Please output the lines from the one with "Back-attachment shown ready" through the end of the data exactly as written, omitting all pictures.
(INPUT RECORDS Opens)
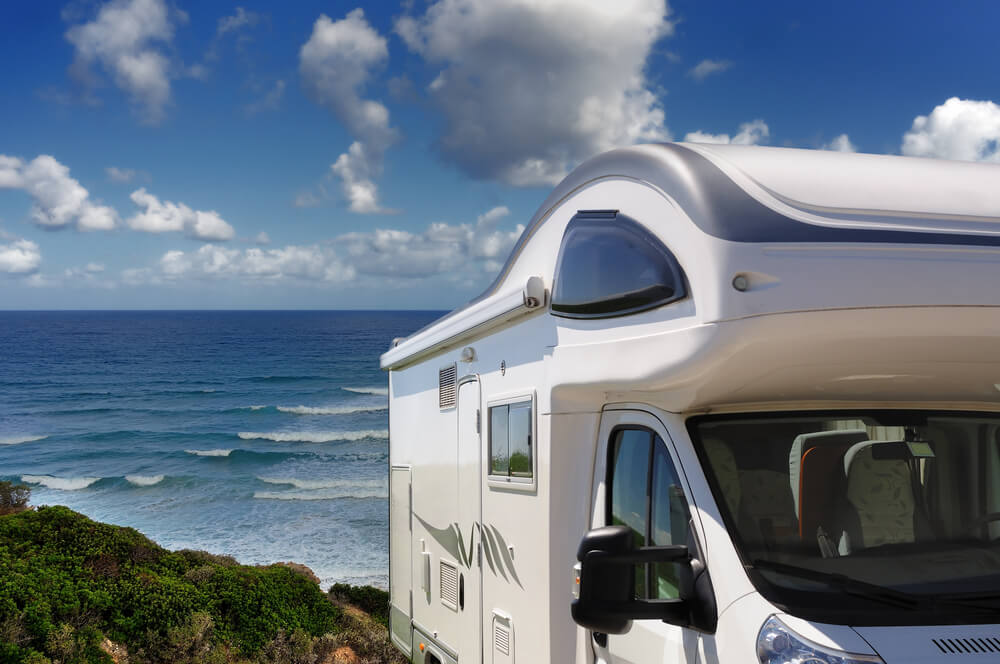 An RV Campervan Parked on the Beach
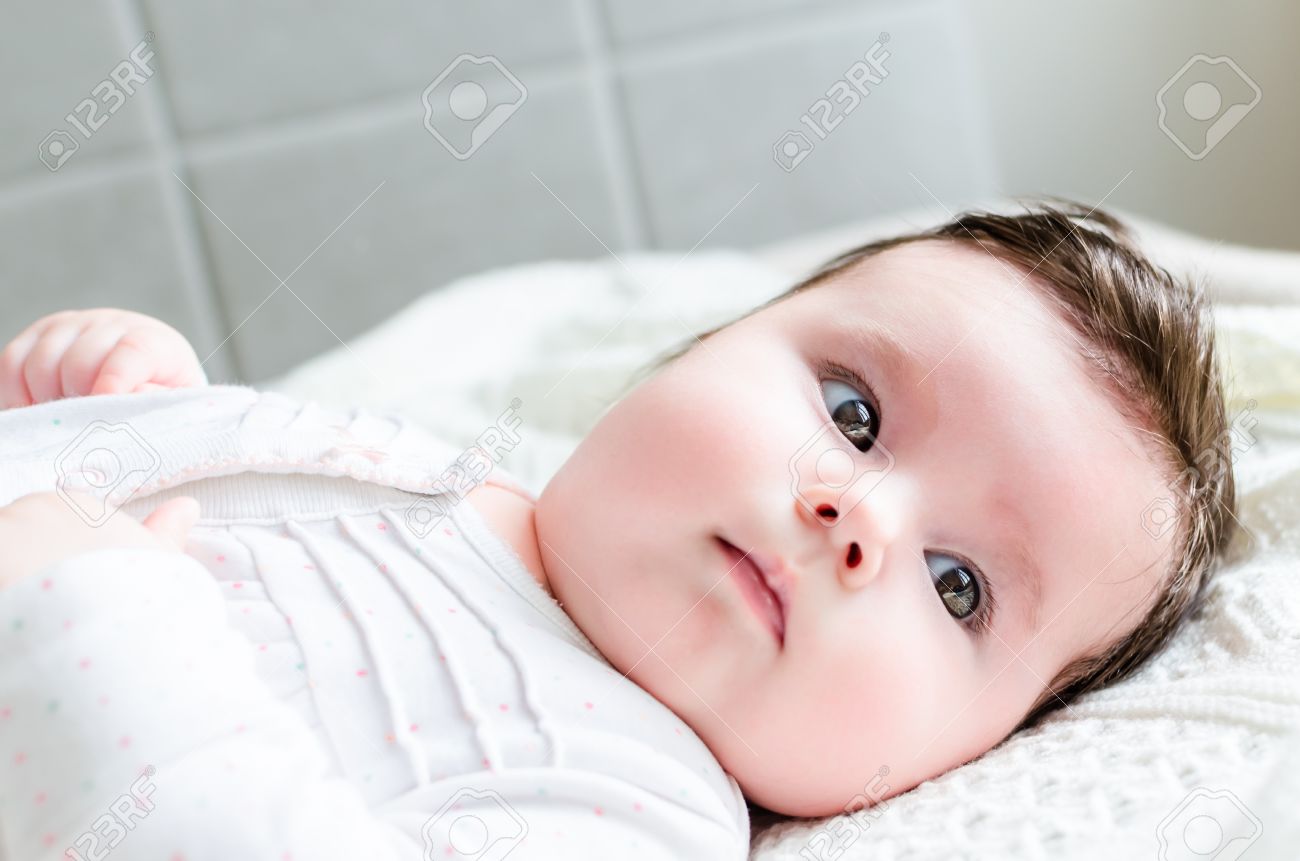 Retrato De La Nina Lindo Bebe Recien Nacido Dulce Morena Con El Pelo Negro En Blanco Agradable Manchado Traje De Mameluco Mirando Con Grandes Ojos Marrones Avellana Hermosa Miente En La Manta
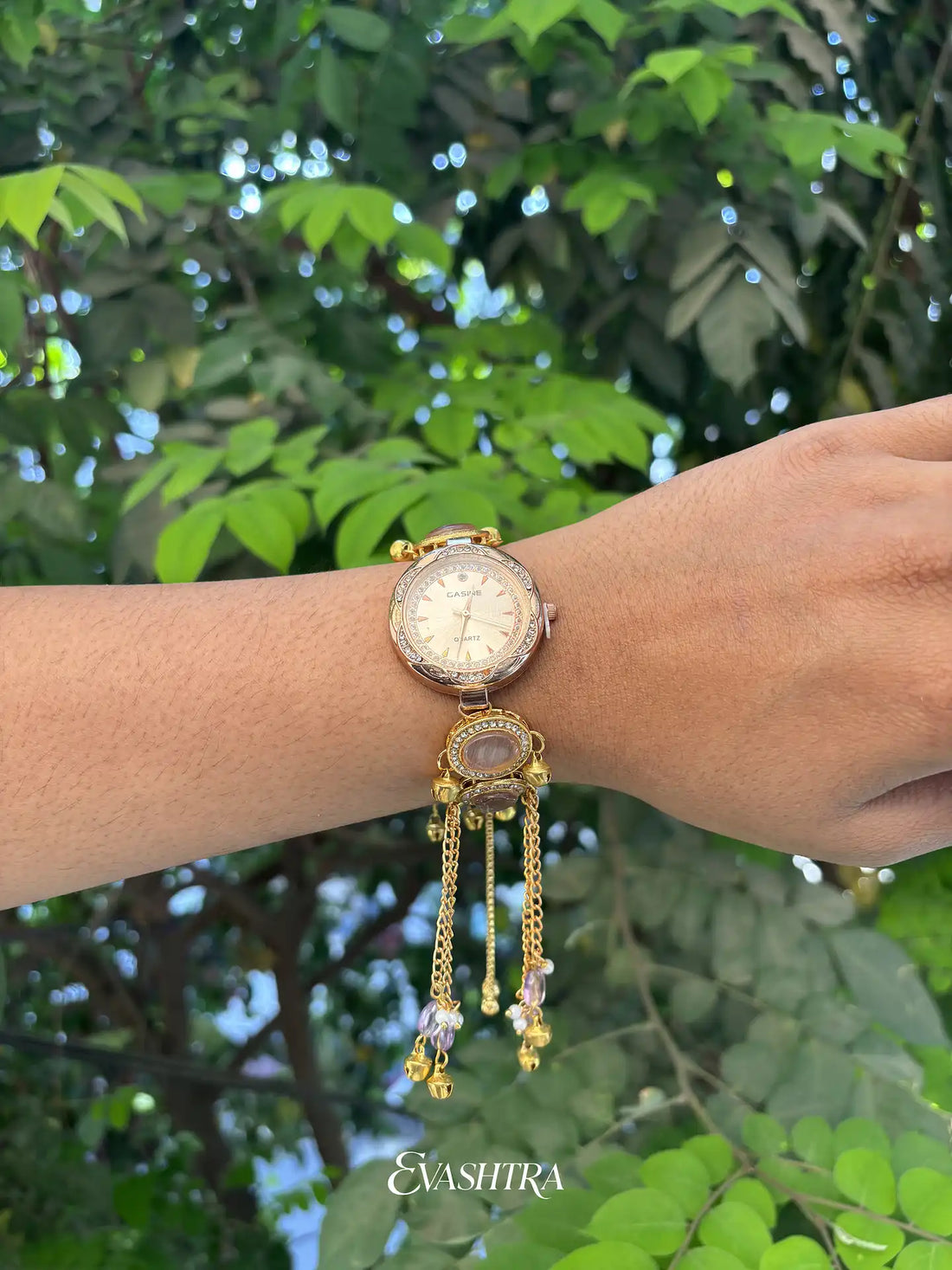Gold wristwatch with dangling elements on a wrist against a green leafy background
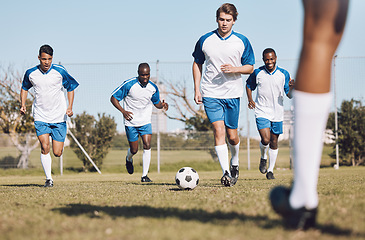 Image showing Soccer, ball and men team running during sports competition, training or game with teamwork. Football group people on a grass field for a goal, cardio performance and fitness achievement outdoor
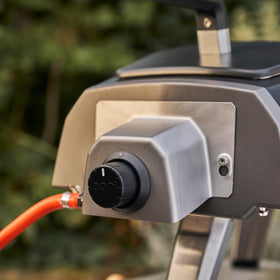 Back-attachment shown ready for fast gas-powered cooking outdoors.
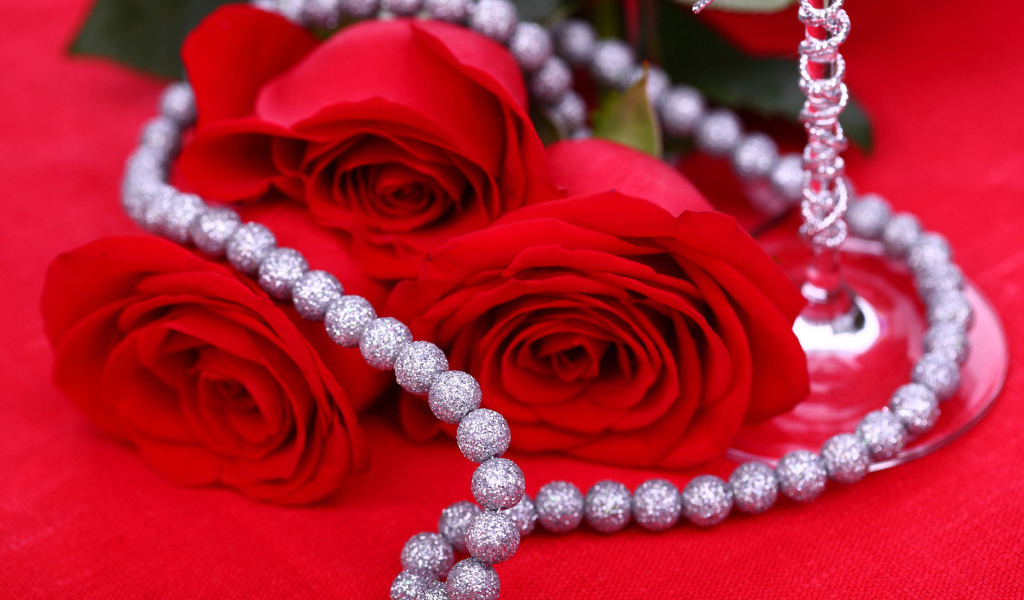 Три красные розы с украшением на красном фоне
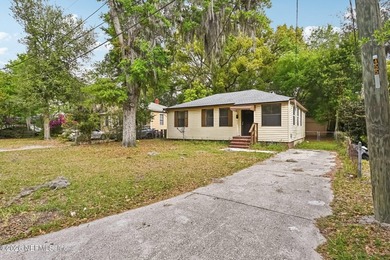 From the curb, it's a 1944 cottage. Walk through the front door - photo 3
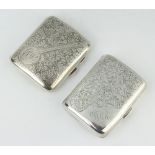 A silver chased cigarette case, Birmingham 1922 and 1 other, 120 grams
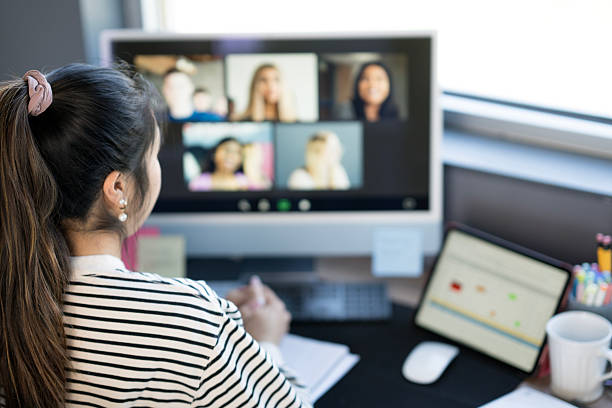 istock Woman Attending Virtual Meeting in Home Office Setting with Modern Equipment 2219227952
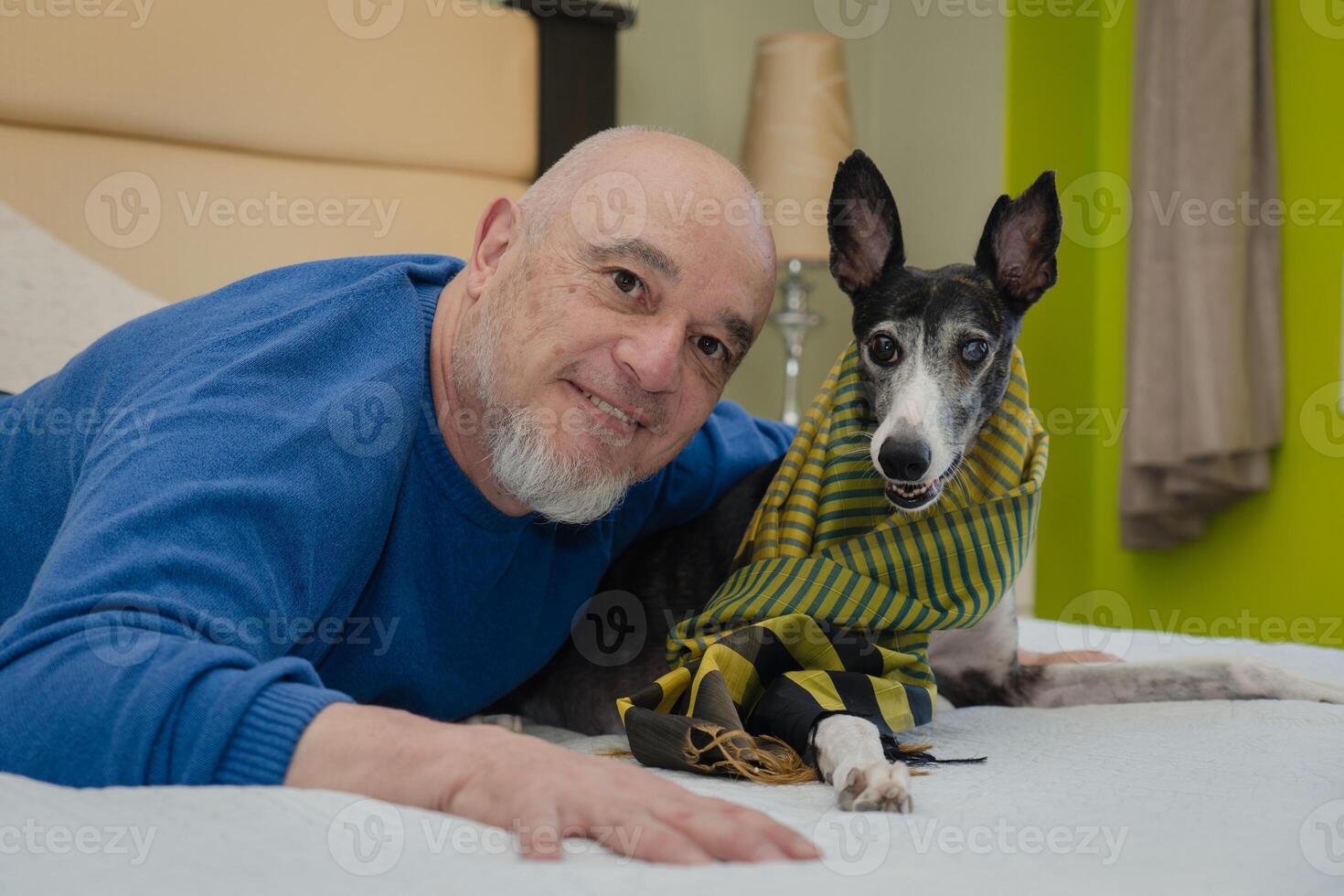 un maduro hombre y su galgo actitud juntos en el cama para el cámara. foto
(INPUT RECORDS Closes)
COMPLETED TASK —
 Back-attachment shown ready for fast gas-powered cooking outdoors.
 Три красные розы с украшением на красном фоне
 From the curb, it's a 1944 cottage. Walk through the front door - photo 3
 A silver chased cigarette case, Birmingham 1922 and 1 other, 120 grams
 istock Woman Attending Virtual Meeting in Home Office Setting with Modern Equipment 2219227952
 un maduro hombre y su galgo actitud juntos en el cama para el cámara. foto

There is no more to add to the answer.